Mueller has indicted Trump’s former campaign chairman, Paul Manafort, and Manafort’s partner, Richard Gates, on charges related to foreign business dealings that may have involved money laundering. Mueller has made no connection between those charges and Manafort’s role in the Trump campaign.
Another Trump campaign adviser, George Papadopoulos, has pled guilty to lying to the FBI about contacts he had with Russian officials while working on the Trump campaign. As part of that plea deal, Papadpoulus appears to be cooperating with prosecutors, which means he could provide information leading to charges against other Trump campaign officials. That’s bad news for Trump all around.
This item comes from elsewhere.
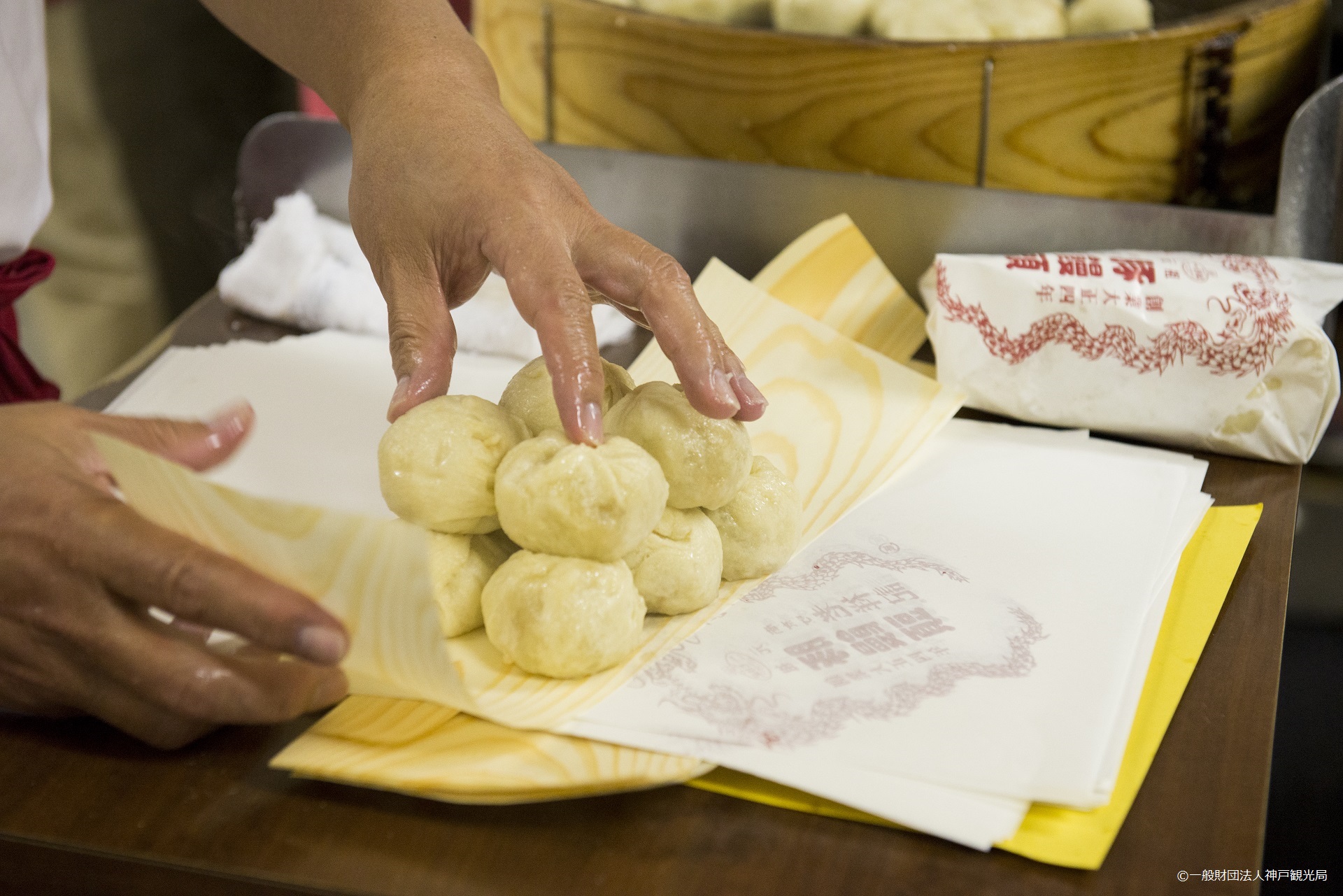 豚饅頭発祥の地「老祥記」での豚まんづくり体験 おすすめ体験 兵庫テロワール旅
It’s worth pointing out that a few bad apples on an entire presidential campaign staff is more the norm than the exception in American politics. Scoundrels exploit politics for personal gain, sometimes illegally, just as they do in business, sports, entertainment and probably every other sector of the economy.
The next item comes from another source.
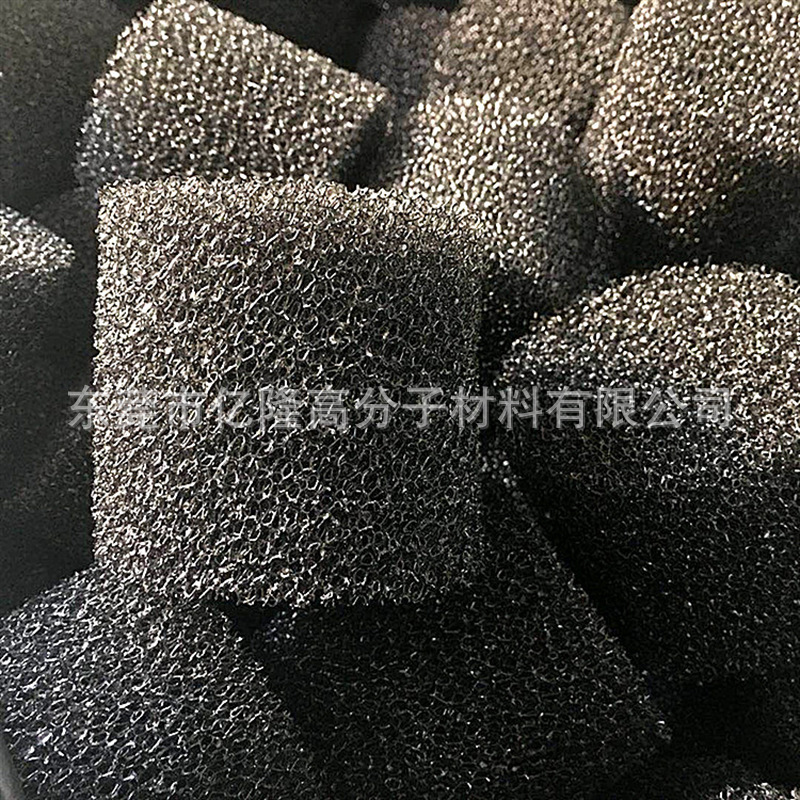 厂家生产黑色滤水海绵 进水管防堵PU滤网海绵圆柱 防喷防堵海绵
Trump’s advisers are loyal but unfit for the job
What’s different about Trump is his willingness to rely on senior advisers who might be loyal, but who are also weak or compromised in ways that make them ineffective at best and a major liability at worst. Trump’s first national security adviser, Michael Flynn, resigned after less than a month because he lied to Vice President Mike Pence about details of his meetings with the Russian ambassador to the United States. Flynn was appointed to run the Defense Intelligence Agency in 2014, but was essentially fired two years later amid questions about his competence. President Barack Obama advised Trump not to bring Flynn into his administration. Trump should have listened, but he didn’t, and Flynn’s shocking early departure became one of Trump’s first major embarrassments.
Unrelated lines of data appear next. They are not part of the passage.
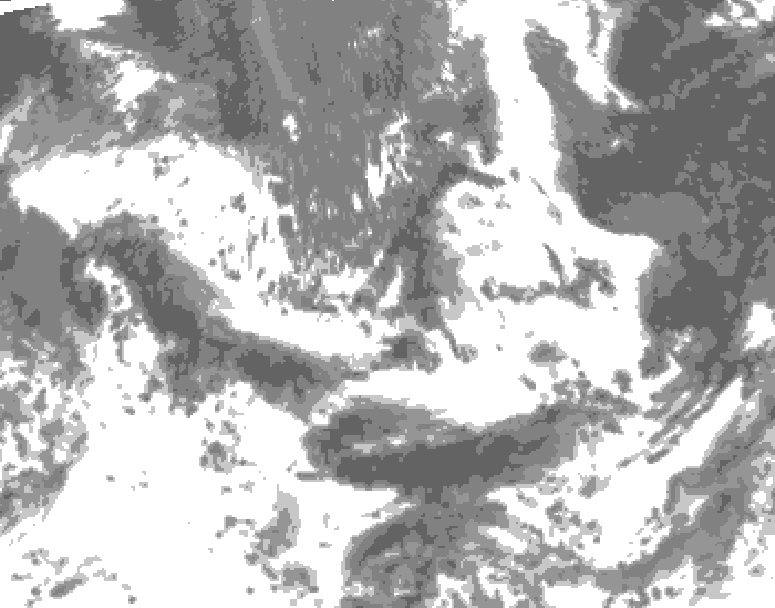 GDPS total cloud 144 hour forecast chart for Canada based on 2025/06/08 0000Z data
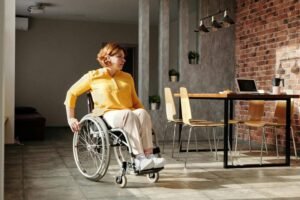 woman in wheelchair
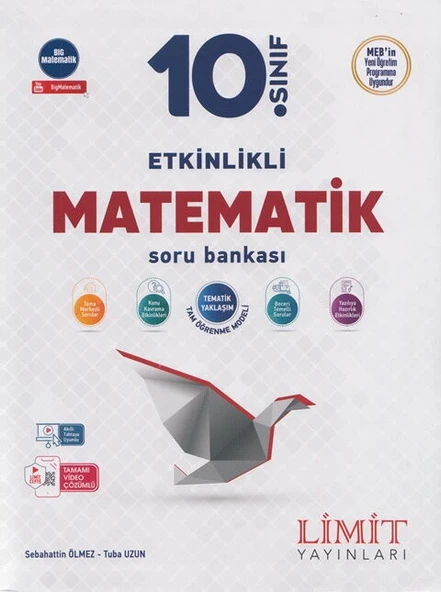 Limit Yayınları 10. Sınıf Matematik Etkinlikli Soru Bankası ürün görseli 1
Trump’s first Health and Human Services Secretary, Tom Price, resigned in September following revelations that he needlessly flew around the country on private military jets, at a cost of hundreds of thousands of dollars. Trump should have known Price was sketchy, given multiple reports of questionable stock trades he made involving companies that could have benefited from the actions of House committees Price was an influential member of. Was Price the best guy to run a large part of the government? No. But he turned out to be Trump’s guy, until petty greed sank him.
Interior Secretary Ryan Zinke and Treasury Secretary Steven Mnuchin appear to be other members of Trump’s private-flyer club. They’re still in the Cabinet, with Mnuchin’s mettle soon to be tested as Republicans try to jam a tax-cut bill through Congress. Mnuchin is Trump’s point man on taxes. He originally predicted Congress would pass a tax bill by August. That prediction was laughably wrong. Mnuchin may yet redeem himself, but if tax cuts fail, Trump may seek a more capable Treasury boss.
Attorney General Jeff Sessions is so beleaguered that Trump himself called him “weak.” The Secretary of Housing and Urban Development, Ben Carson, came to the job with no experience in the field and little apparent enthusiasm for it. Trump’s Energy Secretary, Rick Perry, once wanted to abolish the department he now heads. Presidents often dole out Cabinet jobs to potentates who donated to their campaigns and helped get them elected — but the appointees usually have a veneer of experience in the field, or at least interest in it.
At the White House, meanwhile, Trump has blown through so many senior aides — Reince Priebus, Sean Spicer, Anthony Scaramucci, Steven Bannon, and on and on — that it’s the boss who deserves the real scrutiny, rather than the ousted employees. If all of those people were unfit for the job, why did Trump hire them? It’s understandable that one or two folks might not bear up under the intense and unfamiliar pressures of the White House. But not a dozen.
Trump, the businessman, was shielded
Trump, of course, ran as a businessman able to get things done, rather than a bureaucrat only able to talk about getting things done. But as head of the Trump Organization, Trump ran a private company where he was the only boss. The consequences of bad hires were confined inside a black box.
As a candidate and now president, Trump’s bad hires have very public consequences, which are now manifest in a sprawling investigation into any Trump associate who may have run afoul of the law. Mueller may ultimately clear Trump of any criminal or suspicious activity. But he has already indicted Trump for hiring and relying on people he never should have.